I think that there are obvious learned mechanics to each personality, because we are all to some extent the products of our environments. But I am a flower through the sidewalk believer. I am inspired every day by stories of people who had no support or encouragement and even faced consistent, devastating obstacles and yet survived, flourished, and triumphed. The human being is not merely a product of its environment because there are so many situations in which a person is in all logic set up to fail from childhood onward and instead uses each obstacle as a stepping stone toward greater experience and deeper understanding of the world. There are also people who have been given it all from day one, people who from a behaviorist perspective are set up to succeed brilliantly and widely, and instead squander their resources and opportunities. The mechanical behaviorist process has its place within all of us and should never be underestimated, but there is no way it will ever encompass the indefinable, indefatigable human spirit.
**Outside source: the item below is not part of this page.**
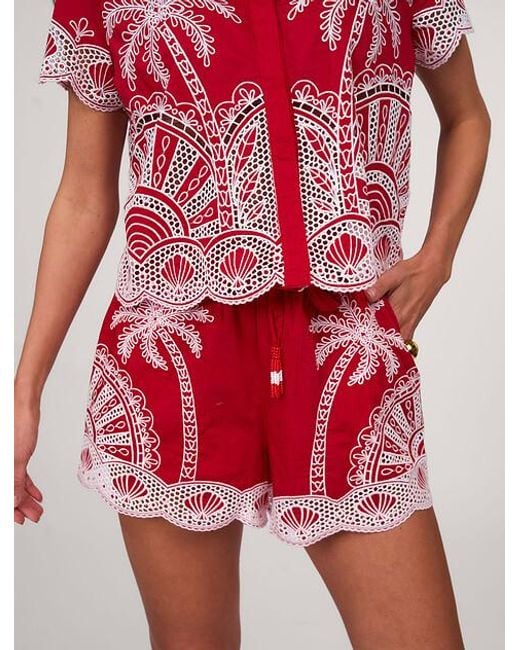 Farm Rio Red Patterned Shorts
Maslow’s hierarchy of needs completely resonates with me. The concept that basic needs must be met first in order to achieve the highest human potential is for the most part painfully accurate. For example, it is very difficult for me to study if my house is not clean and it is almost impossible for me to go to a party and enjoy myself if my homework isn’t done. None of these things go well if I’ve neglected my eating and am riding the edge of a hypoglycemic crash. The hierarchy of needs as posited by Maslow is very accurate in my opinion. However, I just want to point out that again, it cannot account for the human spirit and will. Not every hero, known or unsung, has had all of his basic needs met before he committed himself to acts of soaring beauty and altruism. Some of the most amazing wisdom and works the world has ever seen have come from the poorest, most desperate places. I agree with Maslow’s hierarchy of needs but I do not deem it to be absolutely necessary to achieve the highest personal potential; necessity after all is the mother of much invention.